#### [SUPPLIED MATERIAL]

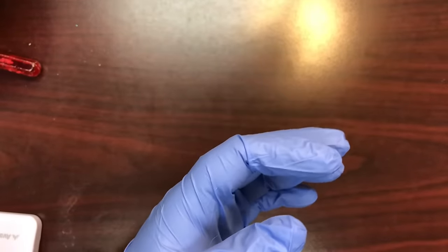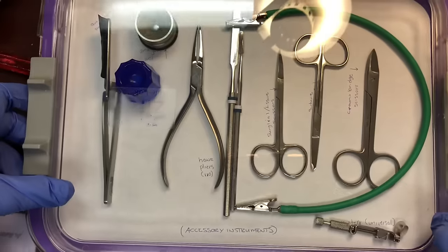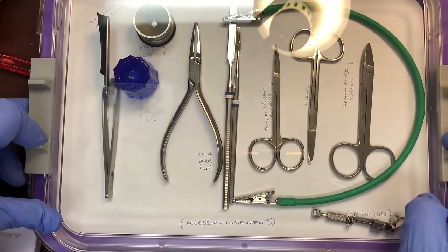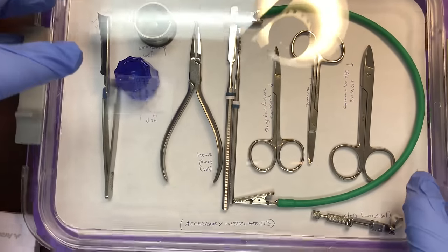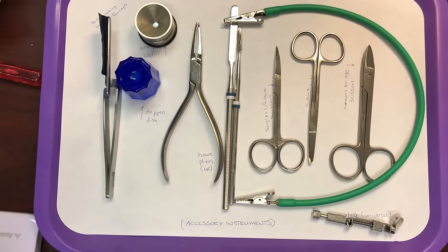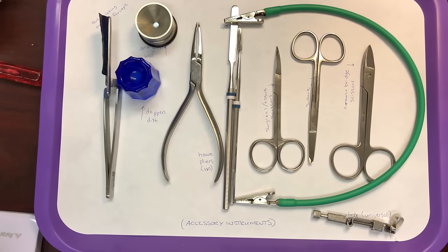The last tray we have contains accessory items. Accessory items may or may not be needed during the procedure, depending on the procedure — you would know ahead of time. If you're doing an amalgam, you'd use the amalgam well; if you're removing sutures, you'd have a suture knife. Accessories are added as needed.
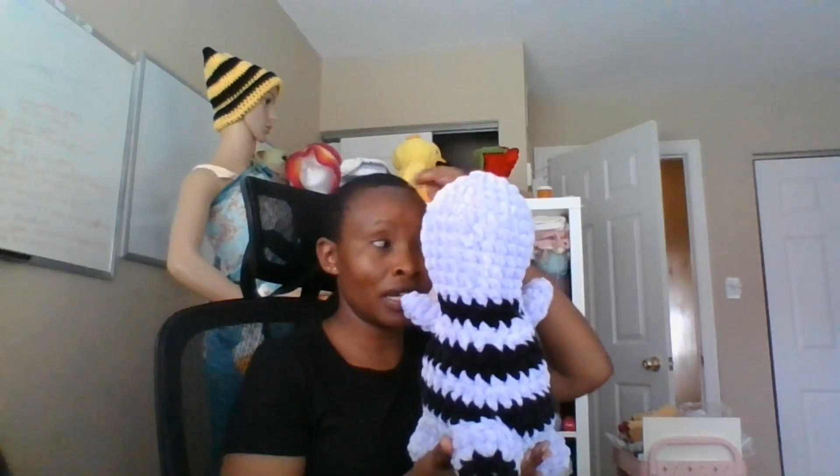Her name is Mary Makes and in her tutorial she uses worsted weight yarn, which gives very beautiful mini dinos. I intend to try using that one in future when I have more time. I think I like him - he took me about an hour and a half, or maybe less but more than an hour for sure, and he is gorgeous.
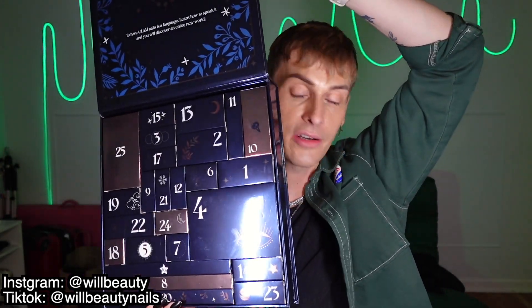Next up we have the big boy, the Madam Glam advent calendar. I've been working with Madam Glam for a long time — I am obsessed with their products. They have the best formula, incredible opacity, and the pricing is really great. You lift it up and you have 25 days, one for every single day. That's more than Dior's advent calendar.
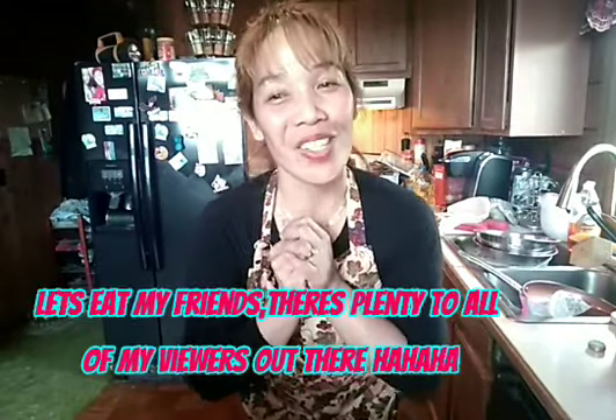Hello, hello everyone. I am done cooking right now. So I'm going to dish up a little bit, have a little bite, and I will show and share it with you. Thank you.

#### [WORK TO BE COMPLETED]
The answer should consist of every line above, exact and free of images.

#### [WRITTEN ANSWER]
The last tray we have contains accessory items. Accessory items may or may not be needed during the procedure, depending on the procedure — you would know ahead of time. If you're doing an amalgam, you'd use the amalgam well; if you're removing sutures, you'd have a suture knife. Accessories are added as needed.
Her name is Mary Makes and in her tutorial she uses worsted weight yarn, which gives very beautiful mini dinos. I intend to try using that one in future when I have more time. I think I like him - he took me about an hour and a half, or maybe less but more than an hour for sure, and he is gorgeous.
Next up we have the big boy, the Madam Glam advent calendar. I've been working with Madam Glam for a long time — I am obsessed with their products. They have the best formula, incredible opacity, and the pricing is really great. You lift it up and you have 25 days, one for every single day. That's more than Dior's advent calendar.
Hello, hello everyone. I am done cooking right now. So I'm going to dish up a little bit, have a little bite, and I will show and share it with you. Thank you.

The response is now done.